Trash talk about Manteca all you want but you should keep a few things in perspective.
This is not the Bay Area.
Believe it or not, that is not a bad thing.
New homes in detached single family housing neighborhoods being built here aren’t so close they could be props for a revival of the Grey Poupon commercials. And you also don’t have to have a household income equivalent to the gross national product of a Third World country to buy one.
And speaking of Third World, if that is your view of Manteca you might want to guess again.
If homeless popping up in a downtown park, walking along commercial districts, panhandling and pitching encampments along freeway right-of-ways makes Manteca a Third World country then what are San Jose and San Francisco — the two urban beacons of the Bay Area?
Say what you want about Manteca allegedly coddling the homeless and allowing them to “take over” public spaces, and such but on the Richter scale of homeless issues we’re more like a 1.8 while much of the Bay Area is a 7.2
That said Manteca has its warts.
But then what city doesn’t in the Greater Bay Area except for perhaps Atherton?
Of course the rejoinder of those convinced Manteca is barely a notch or two above a hell hole will be “what about the dead grass, the weeds in yards, cars parked on lawns”, and other such issues that do exist.
They’re right, of course. But what we have here is blight light compared to more than a few parts of East Palo Alto, South San Jose, Oakland, Fremont, Marin City, Richmond, and San Francisco to drop a few Bay Area names.
There are only a few places in the Bay Area that can claim to be purer than New York snow when it comes to hitting every target from minimal or no homeless, blight that you’d have to spend some time looking for, or people that are in the same social-economic circles so their behavior somehow doesn’t affront those passing judgment on a community. We’re talking places like Woodside, Atherton, Blackhawk, Orinda, and Los Gatos.
This might come as a shock to some, but not everyone can pull down a six figure paycheck.
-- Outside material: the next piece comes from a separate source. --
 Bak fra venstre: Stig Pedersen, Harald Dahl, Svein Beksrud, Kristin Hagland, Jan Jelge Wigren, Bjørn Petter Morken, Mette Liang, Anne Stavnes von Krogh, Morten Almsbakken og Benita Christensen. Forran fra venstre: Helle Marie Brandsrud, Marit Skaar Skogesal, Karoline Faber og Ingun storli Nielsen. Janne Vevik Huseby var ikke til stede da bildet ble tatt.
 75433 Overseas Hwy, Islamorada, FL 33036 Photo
That doesn’t mean what they do for a living isn’t valuable to society or honest labor with meaning.
Such people can’t afford new McMansions even at Manteca’s bargain basement prices of $600,000 compared to the same homes with identical floorplans that are fetching more than twice that in the Silicon Valley.
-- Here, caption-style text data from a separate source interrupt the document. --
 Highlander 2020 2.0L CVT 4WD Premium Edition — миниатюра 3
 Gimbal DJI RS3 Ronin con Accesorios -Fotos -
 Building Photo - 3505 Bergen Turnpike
As for downtown Manteca not living up to counterparts in Pleasanton, Livermore and elsewhere with nice trendy gathering places, try looking at it from the perspective of reality.
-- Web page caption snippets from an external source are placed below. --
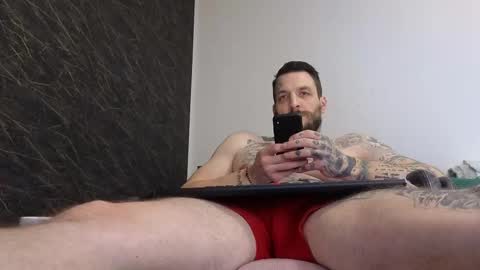 Snapshot of thebestmuscles chatting on March 2025 06:11:01 PM John online show from March 2025 06:11:01 PM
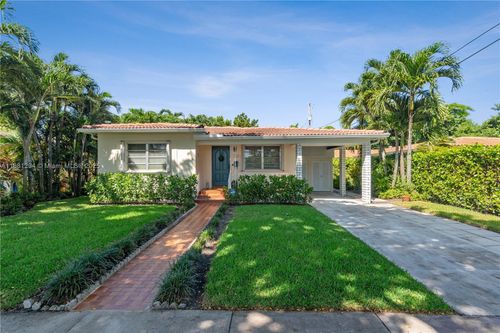 1456 Sw 65th Ave, West Miami, FL, 33144-5654 | Card Image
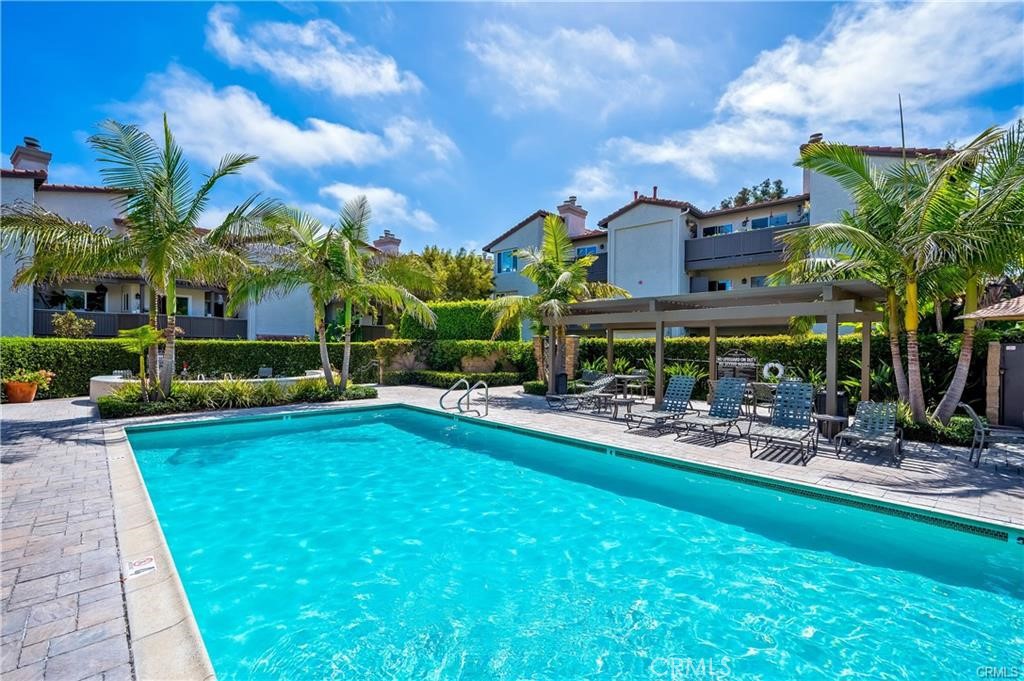 44 Corniche Drive A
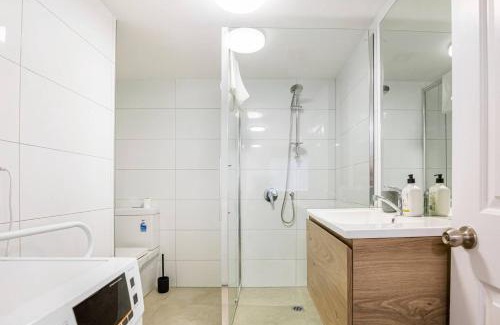 Grey Lynn Apartment | Riches Serendipity Home with Parking and Air-con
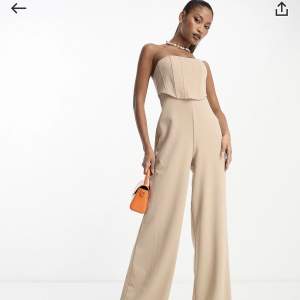 ASOS DESIGN - Beige jumpsuit   Aldrig använd. Nypris 659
There are a lot of successful ethnic businesses downtown that don’t sell trendy food and items but nourishing and tasty food you won’t find at a Cheesecake Factory as well as daily staples that are much more exotic than you’d find at a typical chain retailer.
There also happens to be seven flourishing banks and other financial institutions in downtown Manteca as well as five thriving furniture stores.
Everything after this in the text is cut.